In [58]:
import os
import sys
import pandas as pd
import argparse
from datetime import datetime, timedelta
import pathlib

# 新增：將上一層目錄加入 sys.path
parent_path = pathlib.Path().absolute().parent
sys.path.insert(0, str(parent_path))
# Setup Django environment
os.environ.setdefault('DJANGO_SETTINGS_MODULE', 'website_configs.settings')
import django
django.setup()
# 重要：設定環境變數以允許在 Jupyter 的異步環境中執行同步操作
os.environ["DJANGO_ALLOW_ASYNC_UNSAFE"] = "true"

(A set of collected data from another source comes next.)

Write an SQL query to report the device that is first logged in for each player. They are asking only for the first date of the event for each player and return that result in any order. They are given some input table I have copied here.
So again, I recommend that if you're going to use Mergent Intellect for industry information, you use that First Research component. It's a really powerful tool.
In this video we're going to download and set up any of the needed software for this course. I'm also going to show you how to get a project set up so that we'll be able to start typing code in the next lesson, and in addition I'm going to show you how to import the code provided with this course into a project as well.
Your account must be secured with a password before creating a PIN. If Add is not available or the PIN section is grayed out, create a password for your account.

# Now we can import Django models
from app_user_keyword_db.models import NewsData

# Django ORM CRUD Operations Tutorial

CRUD stands for Create, Read, Update, and Delete - the four basic operations for database management systems. In this tutorial, we'll explore how to perform these operations using Django ORM with the NewsData model.

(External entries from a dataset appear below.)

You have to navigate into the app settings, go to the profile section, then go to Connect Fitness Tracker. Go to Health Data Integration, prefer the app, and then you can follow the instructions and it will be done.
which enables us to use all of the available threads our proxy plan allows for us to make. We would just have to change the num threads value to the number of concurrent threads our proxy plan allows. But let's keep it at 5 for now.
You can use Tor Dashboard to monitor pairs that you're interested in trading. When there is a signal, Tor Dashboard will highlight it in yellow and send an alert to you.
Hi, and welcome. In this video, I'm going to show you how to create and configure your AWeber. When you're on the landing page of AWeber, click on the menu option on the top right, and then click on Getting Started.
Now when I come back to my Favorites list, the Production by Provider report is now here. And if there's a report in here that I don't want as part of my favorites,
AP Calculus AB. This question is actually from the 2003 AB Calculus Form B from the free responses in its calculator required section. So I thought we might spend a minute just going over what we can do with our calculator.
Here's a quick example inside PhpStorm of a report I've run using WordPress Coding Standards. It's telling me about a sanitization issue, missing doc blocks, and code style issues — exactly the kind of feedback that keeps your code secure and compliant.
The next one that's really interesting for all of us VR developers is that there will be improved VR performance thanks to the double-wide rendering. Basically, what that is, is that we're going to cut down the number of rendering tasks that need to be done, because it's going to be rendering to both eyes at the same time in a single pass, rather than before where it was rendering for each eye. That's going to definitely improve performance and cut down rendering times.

## NewsData Model Structure

Let's first examine the structure of our NewsData model to understand its fields.

In [10]:
# Inspect the NewsData model fields
print('NewsData Model Fields:')
for field in NewsData._meta.get_fields():
    print(f'- {field.name}: {field.get_internal_type()}')

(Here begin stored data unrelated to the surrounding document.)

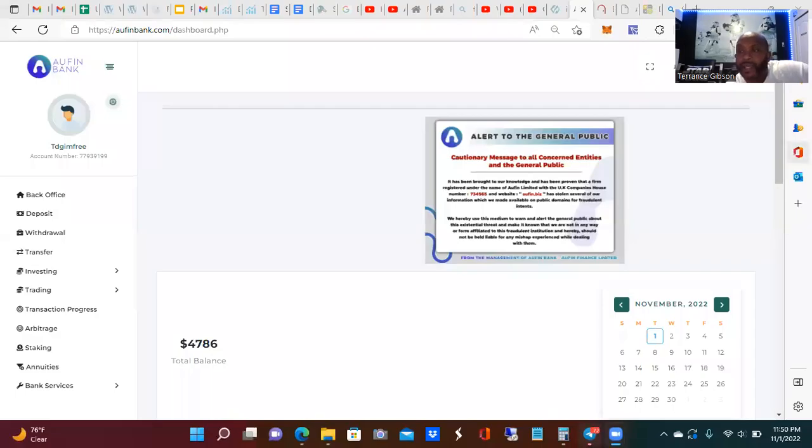I'm going to share my screen again. All right, Alvin Bank.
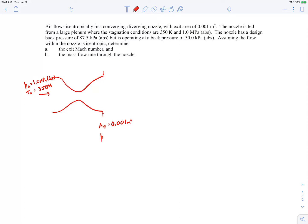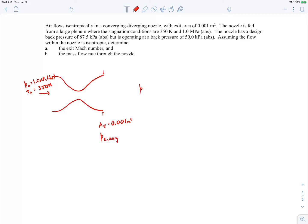The nozzle has a design back pressure of 87.5 kilopascals. When we say the design back pressure, that means at the design case the back pressure and the exit pressure are the same — so the exit pressure at design is 87.5 kilopascals absolute. This particular nozzle is now operating at a back pressure of 50 kilopascals, lower than the design pressure. We're asked to determine the exit Mach number and the mass flow rate.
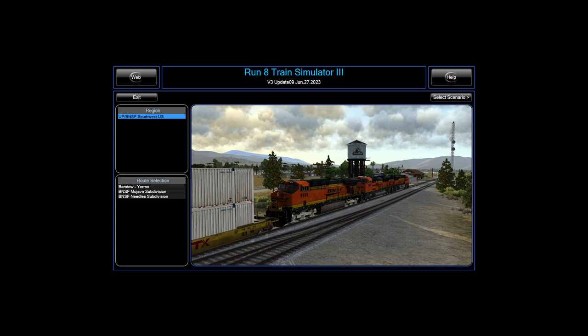Hello everyone. In today's video we're going to be showing you how to get started with Run 8 Train Simulator 3. It's worth noting I'm not a professional engineer or conductor. I've played a lot of simulators and people can get a little uppity sometimes, but it's okay. What we're going to be showing you today is how to get the game started, how to get moving around a little bit, how to do a little bit of dispatching, and basically how to get to the point where you can start exploring with a locomotive.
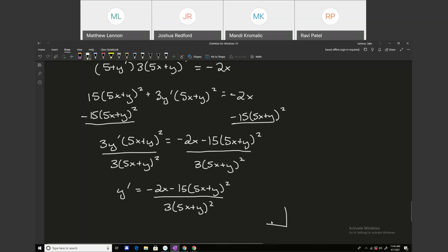It's not very clean, but it's all there. With implicit problems, there are functions where you can't explicitly solve for y, so the derivative will contain both variables.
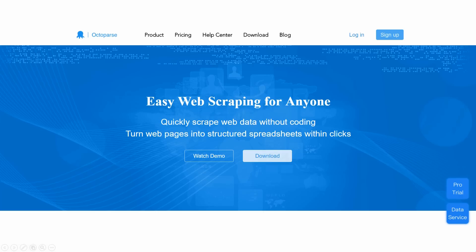Welcome to Octopus Tutorial. In this video, we will cover some of the Octopus basics and then guide you to create your first scraper.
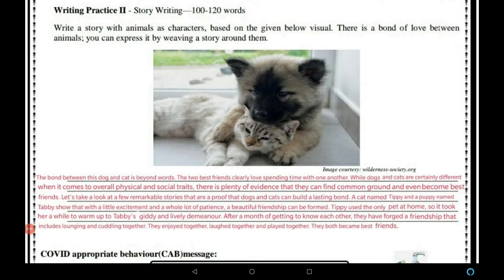Task 2 is Story Writing: write a story with animals as characters. Based on the given visual below, we need to create a story. There is a bond of love between animals; you can express it by weaving a story around them. In the visual we can see a dog and a cat.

# Display total count of news entries
print(f'\nTotal news entries in database: {NewsData.objects.count()}')

NewsData Model Fields:
- item_id: CharField
- date: DateField
- category: CharField
- title: TextField
- content: TextField
- sentiment: FloatField
- top_key_freq: TextField
- tokens_v2: TextField
- entities: TextField
- token_pos: TextField
- link: CharField
- photo_link: CharField

Total news entries in database: 213


## 1. Create (C) - Adding New Data

The 'Create' operation allows us to insert new records into the database. Here are different ways to create new NewsData objects.

In [None]:
# Method 1: Create using the constructor and save() method
new_news1 = NewsData(
    title="馬斯克蒞臨高科大",
    link="https://example.com/news1",
    category="測試類別",
    content="This is a sample content about technology news for demonstration.",
    date=datetime.now().date(),
    photo_link="https://example.com/image1.jpg"
)
# Uncomment to save: new_news1.save()

# Method 2: Using objects.create() method
# This creates and saves in one step
new_news2 = NewsData.objects.create(
    title="馬斯克蒞臨高科大",
    link="https://example.com/news2",
    category="測試類別",
    content="This is sample content about international news for demonstration.",
    date=datetime.now().date(),
    photo_link=None  # Shows that photo_link can be optional
)

# Method 3: Bulk creation (for adding multiple records at once)
news_list = [
    NewsData(
        title=f"Bulk Example {i}", 
        link=f"https://example.com/bulk{i}",
        category="測試類別",
        content=f"Bulk created content {i}",
        date=datetime.now().date()
    ) for i in range(3, 6)
]
# Uncomment to save: NewsData.objects.bulk_create(news_list)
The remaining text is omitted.